= Your assignment =
An exact repetition of the data is required; no picture should appear in it.

= Stored data =
============
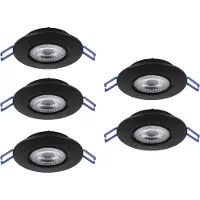 Eglo Zujar inbouwspot - LED - Ø 90 mm - 5 stuks - Zwart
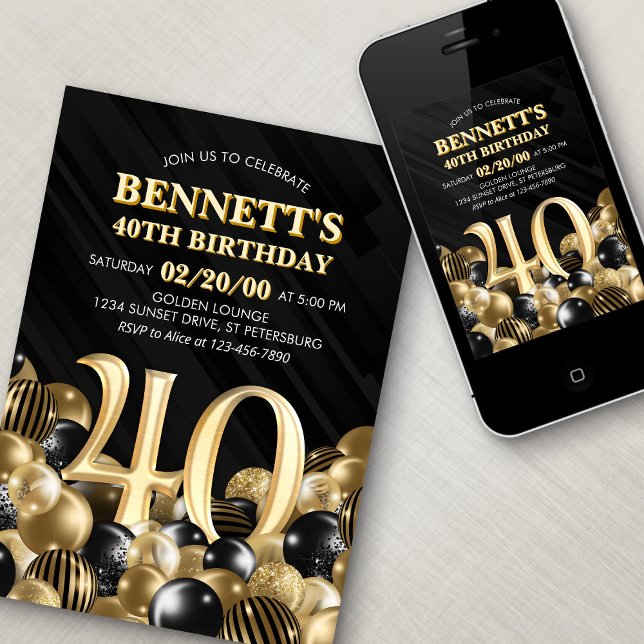 Balloons Black Gold 40th Birthday Invitation (Creator Uploaded)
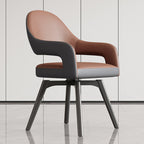 Modern Leather Swivel Arm Chair with Metal Frame Enlarged Size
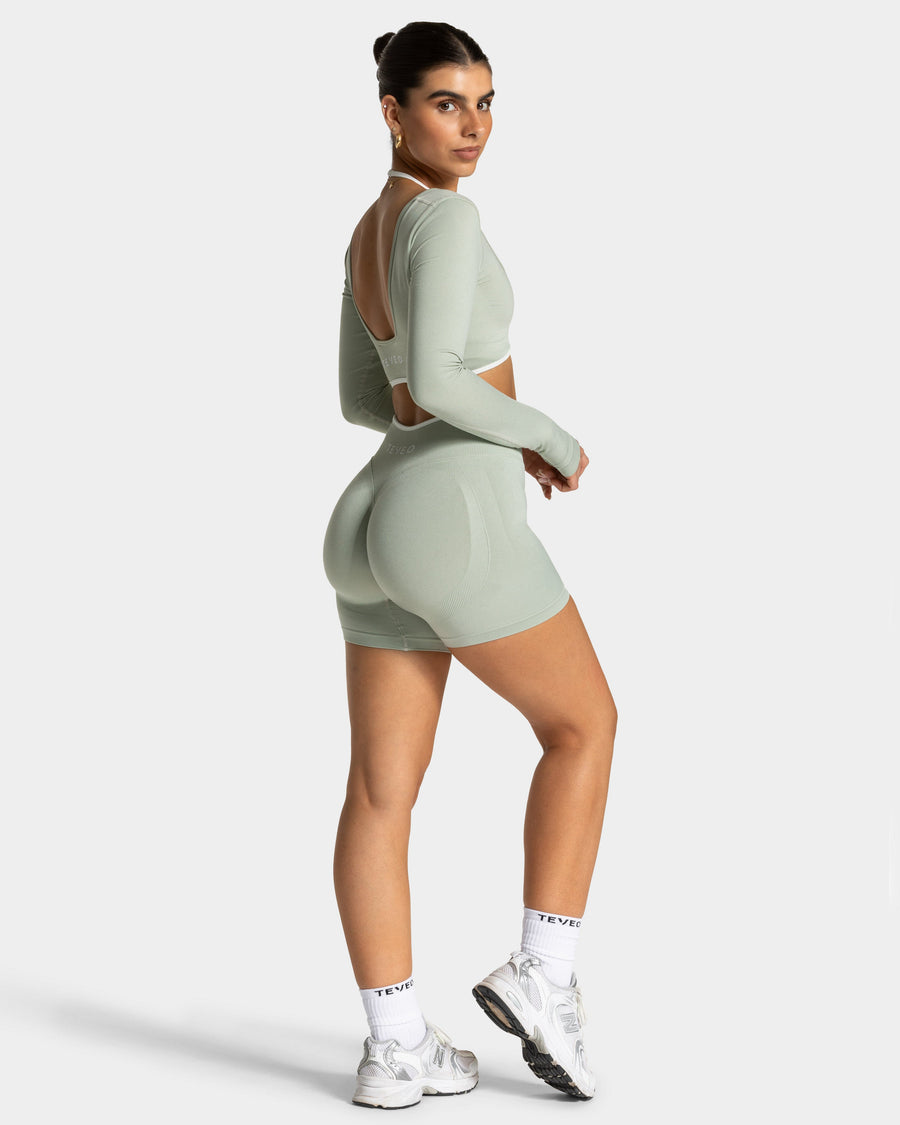 Short Contrastline Sculpt scrunch « pistache »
============
= Answer space =
 Eglo Zujar inbouwspot - LED - Ø 90 mm - 5 stuks - Zwart
 Balloons Black Gold 40th Birthday Invitation (Creator Uploaded)
 Modern Leather Swivel Arm Chair with Metal Frame Enlarged Size
 Short Contrastline Sculpt scrunch « pistache »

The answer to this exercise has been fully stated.